Europe tackles hate
by: Leslie Bunder - Last updated: 2007-04-21
Jewish communal groups in the UK have broadly welcomed the signing in Europe of a framework on combating racism and xenophobia but were concerned that the growth of anti-Semitism was not mentioned in specific terms.
The Board of Deputies, Community Security Trust and the Jewish Leadership Council said they have been watching the debate on the issue for six-years prior to its signing in Luxembourg by EU member states and have been expressing their views to British and European minister.
"We were disappointed that the Decision fails to mention the growth of anti-Semitism, which European Jewish communities have argued should be included in the text," the groups said in a joint statement.

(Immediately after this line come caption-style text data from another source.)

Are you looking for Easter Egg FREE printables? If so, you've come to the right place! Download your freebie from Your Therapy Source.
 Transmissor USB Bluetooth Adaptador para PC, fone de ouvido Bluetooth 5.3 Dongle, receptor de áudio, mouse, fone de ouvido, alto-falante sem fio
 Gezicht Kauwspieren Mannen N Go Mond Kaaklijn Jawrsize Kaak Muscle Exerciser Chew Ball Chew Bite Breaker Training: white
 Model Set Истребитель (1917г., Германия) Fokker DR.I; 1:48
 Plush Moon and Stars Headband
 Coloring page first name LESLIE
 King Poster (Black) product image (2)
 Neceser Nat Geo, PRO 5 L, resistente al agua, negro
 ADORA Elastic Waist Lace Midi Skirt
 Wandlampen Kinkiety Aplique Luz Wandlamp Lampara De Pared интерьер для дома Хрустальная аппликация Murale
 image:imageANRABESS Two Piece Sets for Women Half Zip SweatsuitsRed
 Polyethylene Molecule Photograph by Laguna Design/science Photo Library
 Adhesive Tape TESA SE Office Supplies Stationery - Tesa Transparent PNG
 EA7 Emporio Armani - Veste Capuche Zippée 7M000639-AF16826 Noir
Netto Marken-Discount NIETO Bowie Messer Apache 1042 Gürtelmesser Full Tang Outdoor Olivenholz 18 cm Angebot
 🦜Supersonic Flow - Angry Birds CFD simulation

Holocaust denial is set to be a crime where it is part of an incitement to hatred or violence but will be left to member states to decide how they implement the law.
"In reality, the decision will mean little change for the UK, as it follows closely the British approach, which is to criminalise incitement to racial and religious hatred. It does however add criminal sanctions against denial or trivialisation of the Holocaust, which the British government and the Board of Deputies have argued is unnecessary in the UK legal context," the groups added.
Karen Pollock, chief executive of the Holocaust Educational Trust, raised her concern over the planned new laws. "While legislation against Holocaust denial is fitting and effective in Germany and Austria, we do not believe it is needed in the UK," she said. "Existing legislation in this country outlawing 'incitement to racial hatred' is enough to cover most situations in which Holocaust Denial rhetoric is articulated and there is a danger that further legislation could bring people on the fringes of society onto the centre stage."
Meanwhile, The European Jewish Congress, an umbrella Euro Jewish organisation added its concern of anti-Semitism being left out: "As anti-Semitic attacks are again on the rise in Europe, the EJC would have hoped that this initiative which was rejected once before in 2003 would have at least included some overt reference to anti-Semitism."
A spokesman told European Jewish Press: "Anti-Semitism is the oldest form of racism in Europe and is nowhere near from disappearing. Europe has a special historic responsibility to combat anti-Semitism, and it is a shame that the final version of the Framework Decision did not include this".